Wednesday, February 1, 2012

Wislawa Szymborska

Today, a beloved poet of mine, Wislawa Symborska has passed. It is most fitting to recite her poem, "A Few Words on the Soul," at this time. Winner of the Nobel Prize for Literature, Szymborska published her poem on the elusive topic of the human soul in her collection titled, Monologue of a Dog. The jacket art of this book, a reprint of a Joseph Cornell work, is appropriate as we aim to classify that which is tangible and intangible, of the flesh and of the spirit, in science and beyond science.

Symborska begins "A Few Words on the Soul" by characterizing the human condition to be at times and at times unaware of the soul. Though, in truth, Szymborska takes that a step further and says, "We have a soul at times./ No one's got it nonstop,/ for keeps." In my mind the human body does not entirely possess this spirit, this spiritual side, that we feel. Is Wislawa saying that the soul comes and goes even as we are walking around on the earth in bodies?

Absolutely. "Day after day,/ year after year/ may pass without it." She discusses the mundane tasks during which the soul finds other engagements. The soul "steps out" when we are moving, carrying suitcases, wearing shoes that hurt, and when beaurocratic forms need filling. There are many chefs that would disagree when Wislawa references food preparation as another time with the soul retreats. Though I couldn't agree more with the soul taking off during mundane, rote conversations. Where does the soul go? What are these other engagements? Are they as lofty as our human ideals?
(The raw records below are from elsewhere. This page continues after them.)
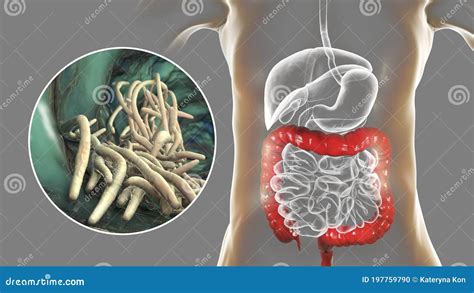 Vers Parasites Dans Le Gros Intestin Humain Illustration Stock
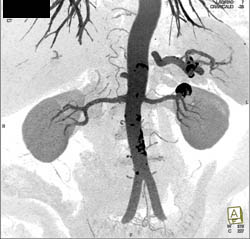 Renal Artery Aneurysm - CTisus CT Scan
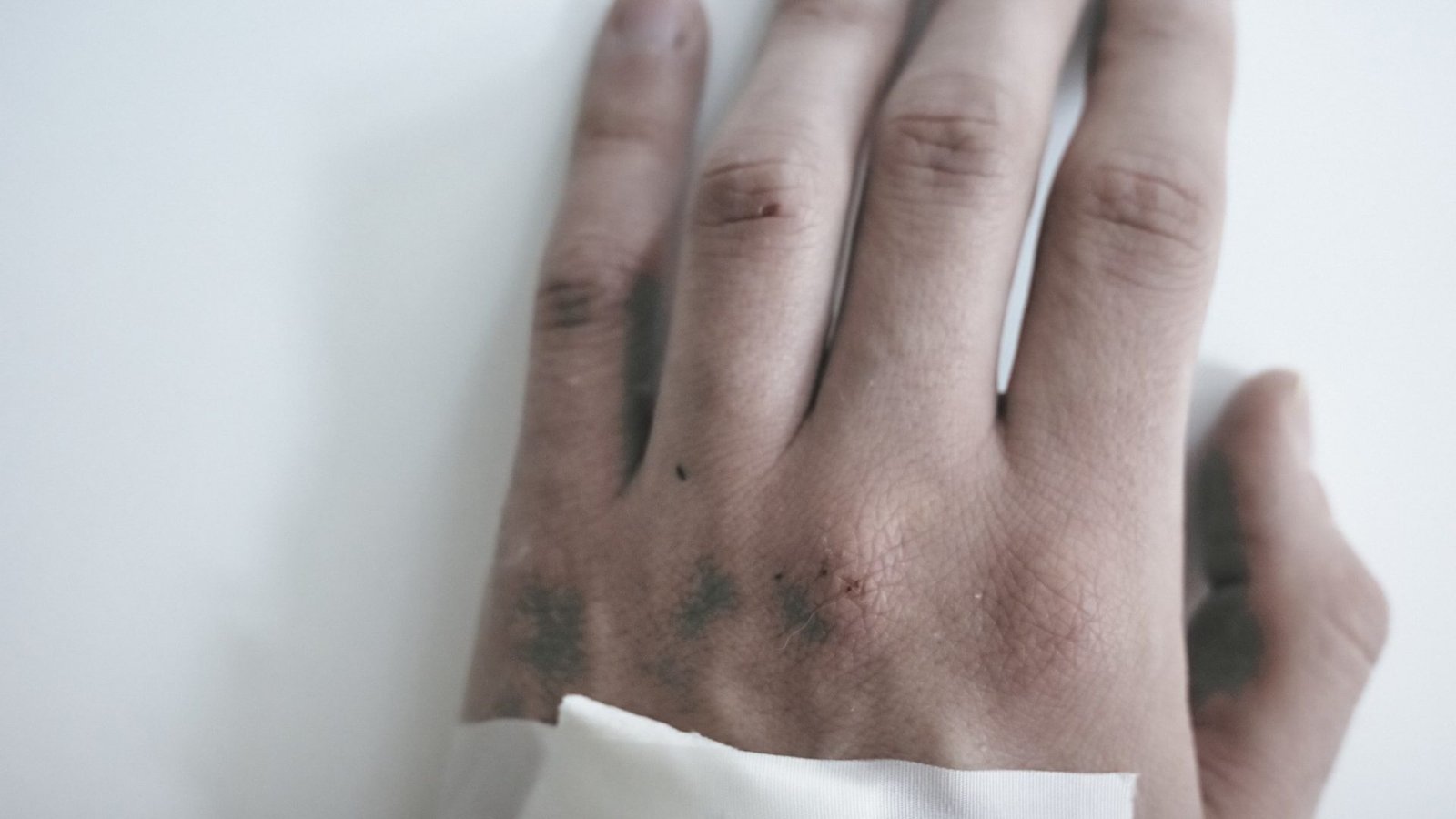 De Uganda à Europa: nova cepa de mpox já circula em seis países fora da África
"It [the soul] prefers silence./...Joy and sorrow/ aren't two different feelings for it./ It attends us/ only when the two are joined." My soul is here, joined with my intellect and artistic inclinations and passions to honor Wislawa Symborska, a great poet of our time, and a poet native to my ancestral land, Poland.

"[The soul] won't say where it comes from/
or when it's taking off again,/
though it's clearly expecting such questions."

And, in the words of my paternal grandfather, Thomas Styperk: "well, Ace, she knows what it's all about now." To Wislawa's soul, I raise a voice in prayer and poetry.